[Opening EXERCISE MATERIALS section]

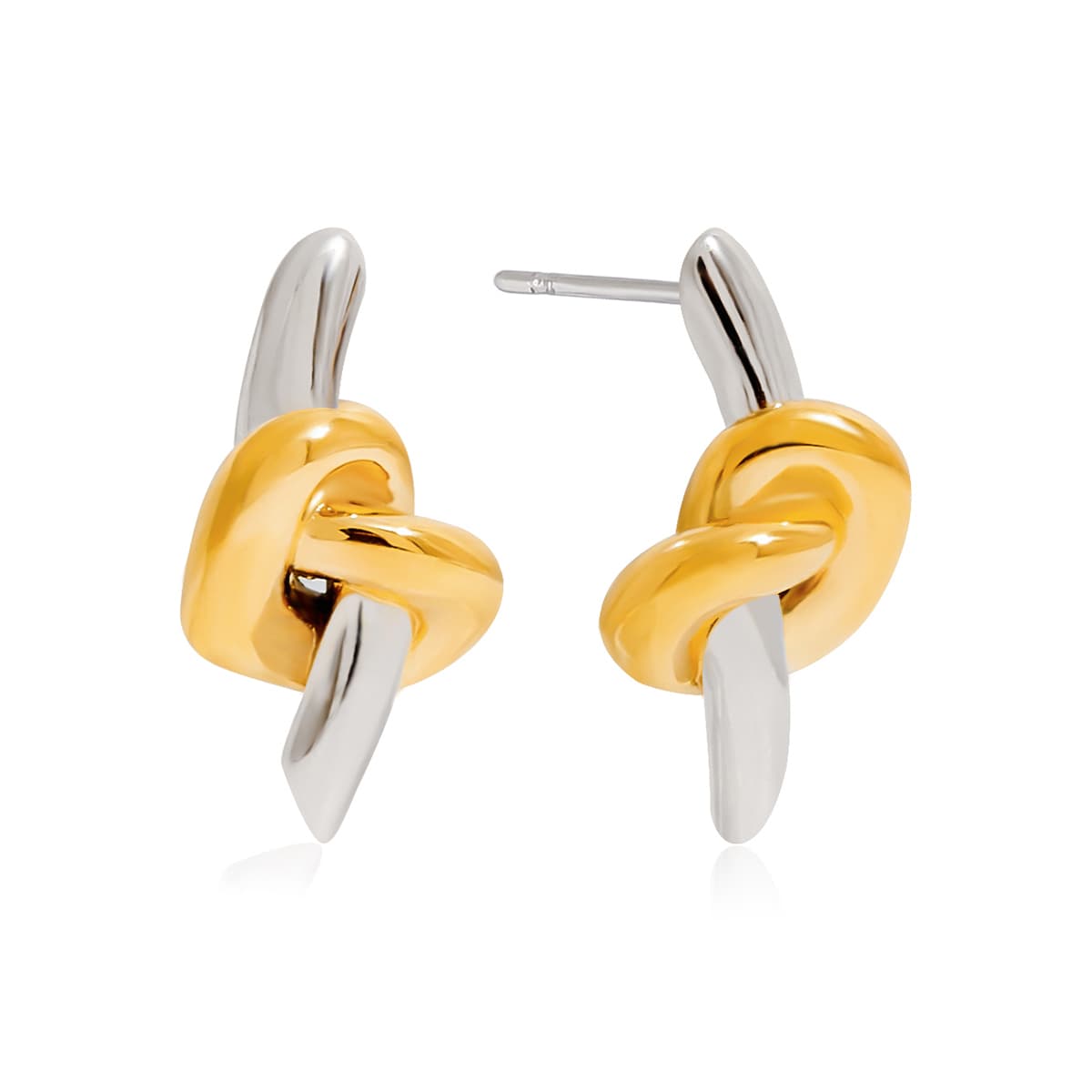 Céleste Earrings Giorgiana 18K Gold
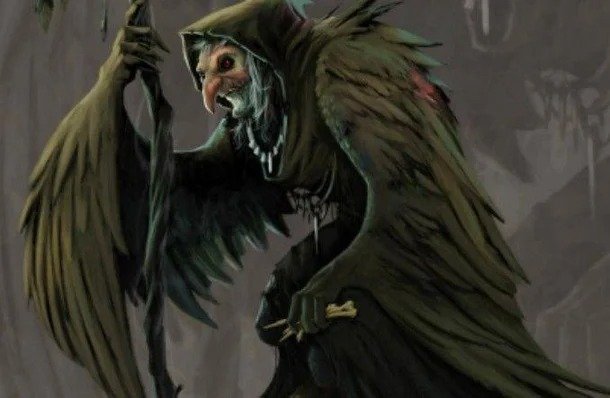 Lenda da Matinta Perera 7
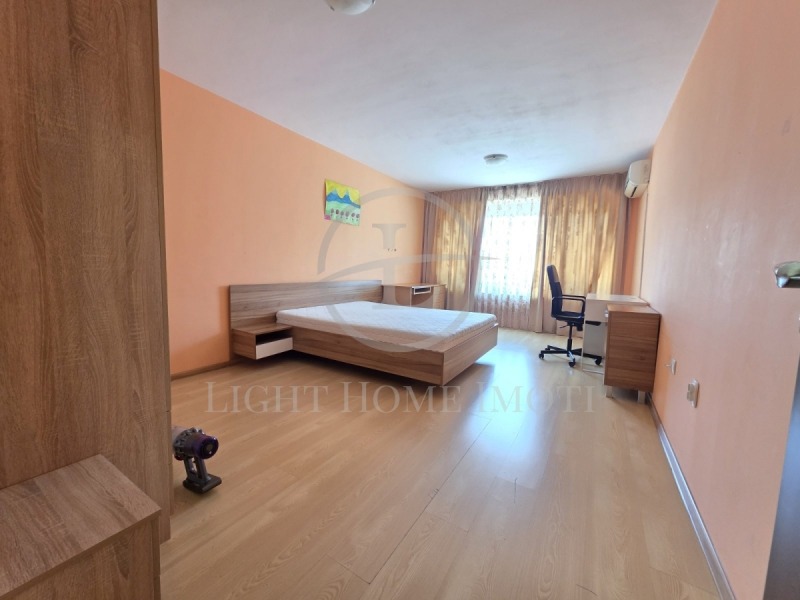 De vânzare  2 dormitoare Plovdiv , Țentâr , 109 mp | 83729543 - imagine [14]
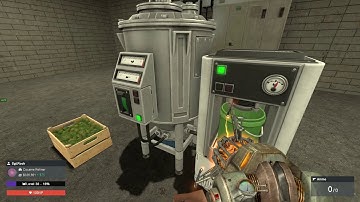 Cocaine Tutorial | NorthernDorks DarkRP server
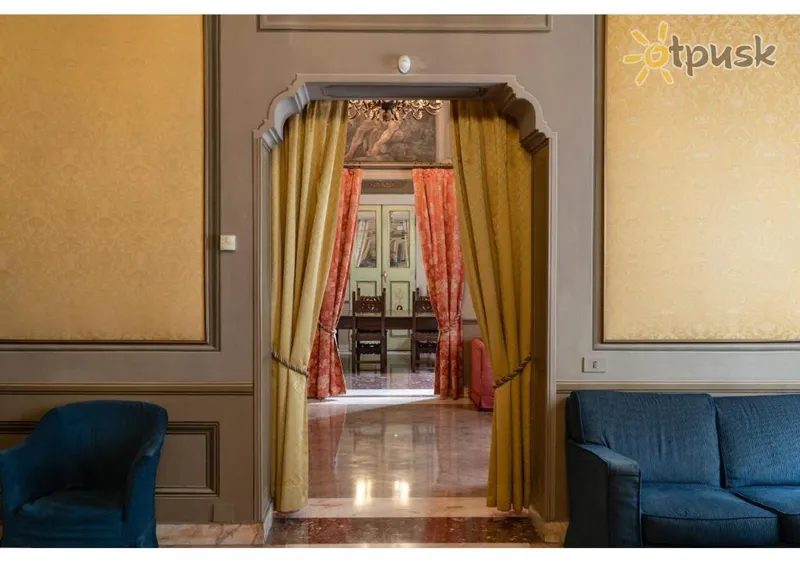 Фото отеля Phi Hotel Canalgrande 4* Болонья Италия 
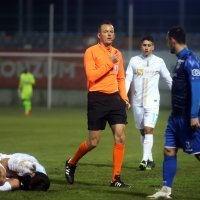 Varaždin - Rijeka, 1/8 Kupa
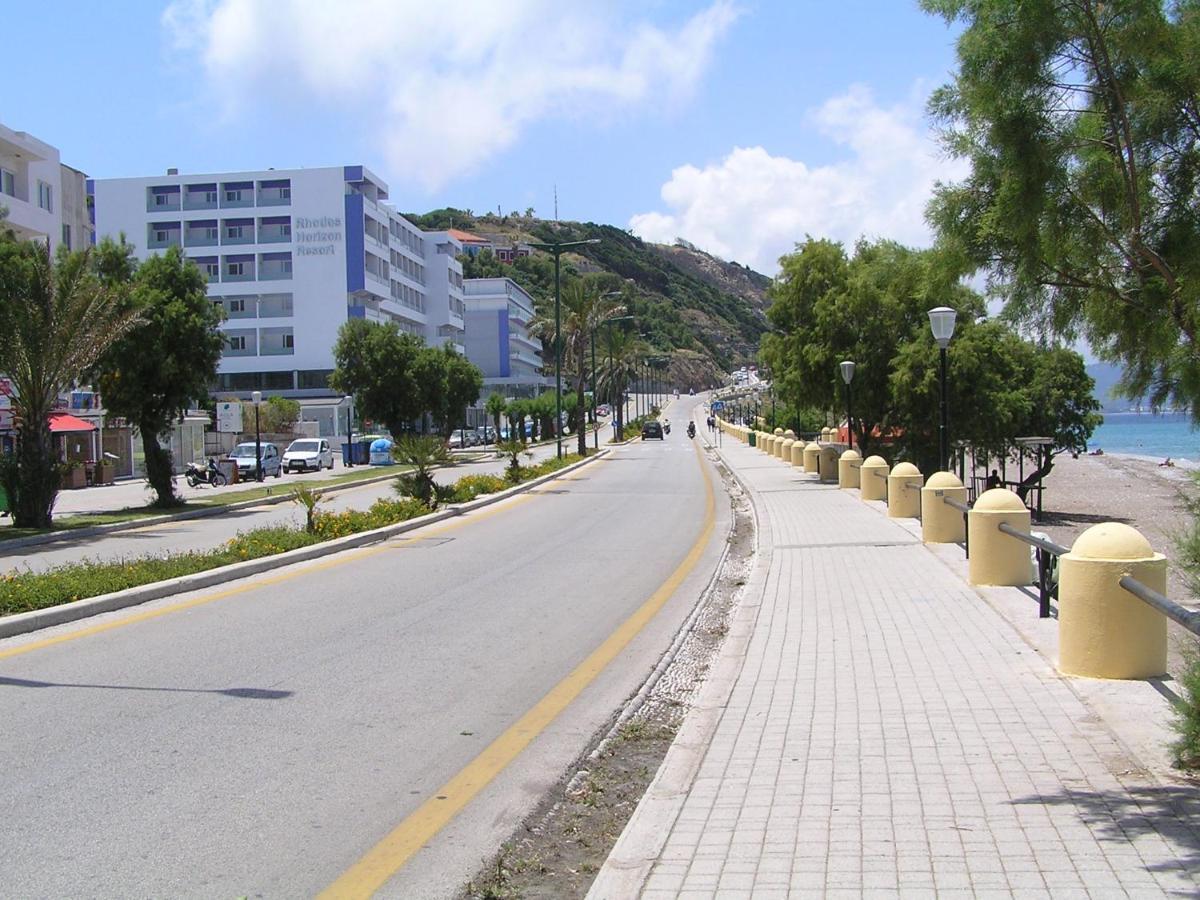 Apartamento Kallia Sea Breeze - 3 Bedroom *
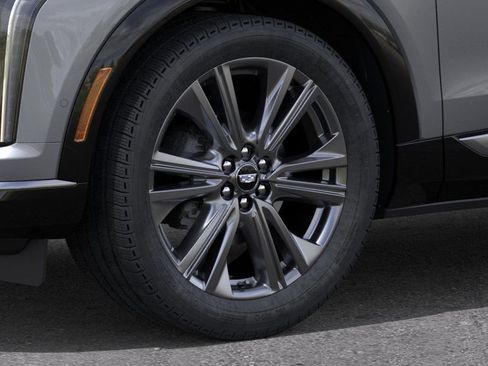 New 2026 Cadillac Optiq Sport 2 image 9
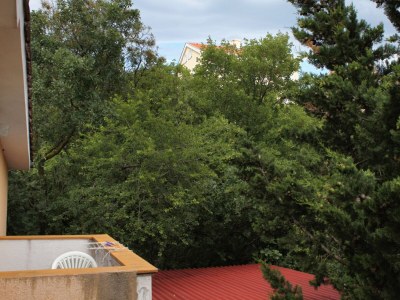 Holiday room with balcony and sea view Dramalj, Crikvenica S-5519-a - Outdoor photo 22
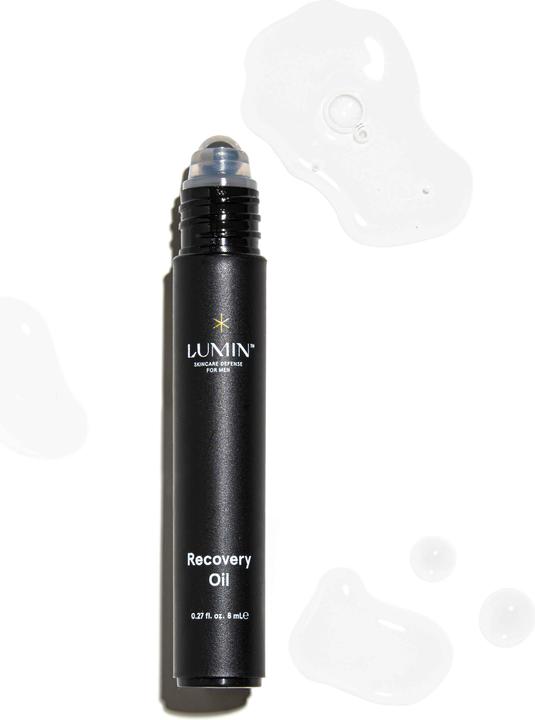 Immagine prodotto Lumin Skincare Recovery Oil (8ml) (8 ml, Olio viso)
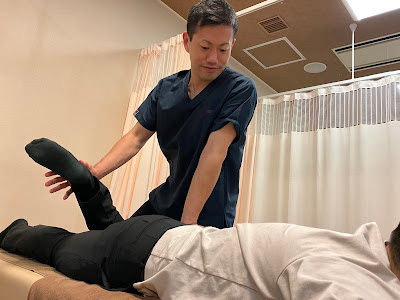 Central Hiyoshisekkotsuin Acupuncture 사진 3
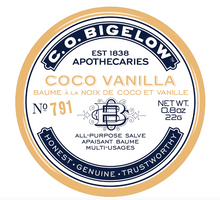 Load image into Gallery viewer, C.O. Bigelow Lip Tins
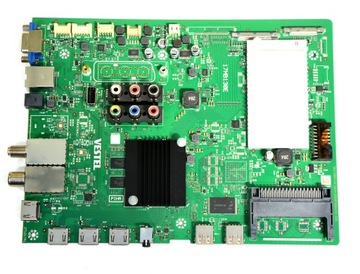 Płyta główna 17MB130E 23472509 Toshiba 55X9863DG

[Closing EXERCISE MATERIALS section]

**WHAT TO PRODUCE**
Return exactly, with no pictures, each line from the one that contains "Load image into" through the end of the entries above, both ends included.

**ANSWER BOX**
 Load image into Gallery viewer, C.O. Bigelow Lip Tins
 Płyta główna 17MB130E 23472509 Toshiba 55X9863DG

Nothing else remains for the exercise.